La voz de Ricard hendió la algarabía.

– Si la Sociedad Fraternal desea admitir mujeres, es muy libre de hacerlo. Pero una cosa es un club y otra muy distinta una colección de faldas. Dejemos que hagan frufrú en otra parte.

Entre carcajadas, la propuesta fue derrotada por abrumadora mayoría.

Al cierre de la reunión formal, los lacayos volvieron a la sala. Más vino. Canciones. Más vino.

Ricard estaba allí, haciéndole señas.

Se marchaban cuando el ex marqués se subió de un salto a una mesa y dirigió el coro:

Ah! Ça ira! Ça ira! Ça ira!

Les aristocrates, on les pendra!

Las estrellas cruzan a medio galope los cielos negros aterciopelados. Le llega la música de las esferas.

Canta con ella: Ah! Ça ira! Ça ira! Ça ira!

Ricard lo tranquiliza.

– Calma, calma.

Una niebla baja se ha levantado sobre el río y empieza a deslizarse por encima del parapeto hasta la calle. Están sentados en lo alto de las escaleras. Sus pies y espinillas han desaparecido, envueltos en la niebla. Él los señala a Ricard, riendo. Este asiente, sigue llenando su pipa.

Al cabo de un rato las cosas se apaciguan.

Joseph bosteza ruidosamente.

– ¡El dolor de cabeza que le espera mañana, doctor! Tiene suerte de que Luzac tenga un gusto tan impecable en vino o el pronóstico sería peor.
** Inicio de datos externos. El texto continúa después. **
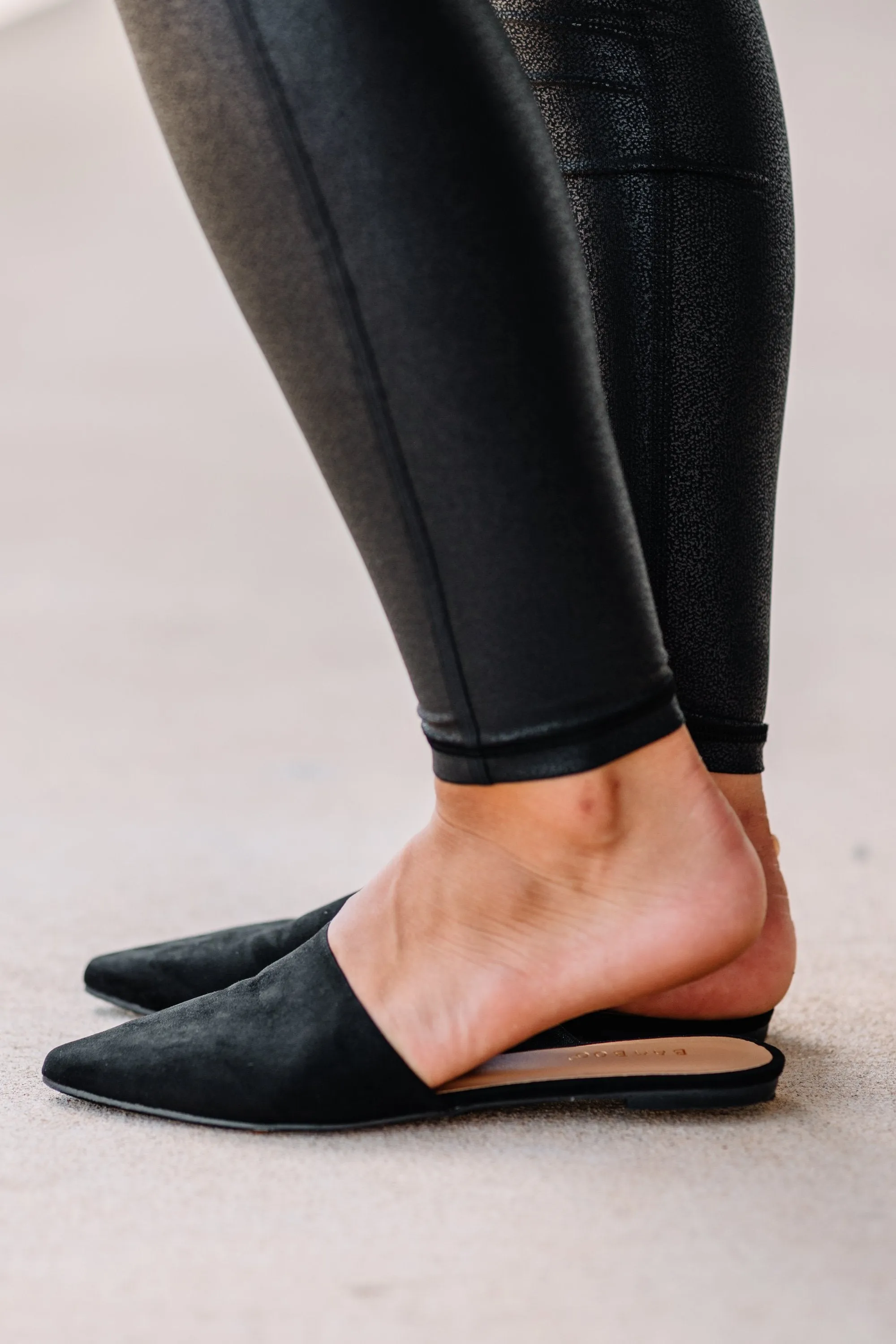 All Business Black Flat Mules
Lo dice alegremente, pero Joseph cree detectar desaprobación. Repara en que su compañero parece totalmente sobrio. Aunque con esa mole por cuerpo, Ricard podría beber más que nadie sin que se le notara en absoluto. ¿Hay algún carnicero delgado?, se pregunta. Recordando la carne prieta, los densos huesos.

– Me alegra que se haya sentido tan a gusto en el club. También puede resultarle útil, ¿sabe? Cuando nuestros amigos burgueses se sientan indispuestos, o a sus mujeres les dé por criticar a sus médicos, puede que se planteen mandarle llamar.

– Puede. -Él más bien lo duda.

– Me he encargado de elogiarle profesionalmente cuando he podido…

– Es muy amable de su parte -dice él, conmovido.

– … de modo que, en futuras ocasiones, sería aconsejable mantener la cabeza despejada. -La cazoleta de la pipa brilla al cobrar vida-. Un médico aficionado a la bebida no puede decirse que inspire confianza.

Él abre la boca para protestar. Pero Ricard se le adelanta, poniéndose de pie y ofreciéndole una mano para ayudarle a levantarse.

– Es tarde. Necesita dormir. Y yo tengo que estar en pie a las cinco.

En el puente, el carnicero le estrecha la mano y la sostiene entre las suyas.

– Muy hábil de su parte proponer una cuota mensual. Bien jugado, amigo mío.

El vaga entre las sombras hasta que en la otra orilla aparece la lucecita naranja. Luego levanta una mano que sabe que Ricard no puede ver.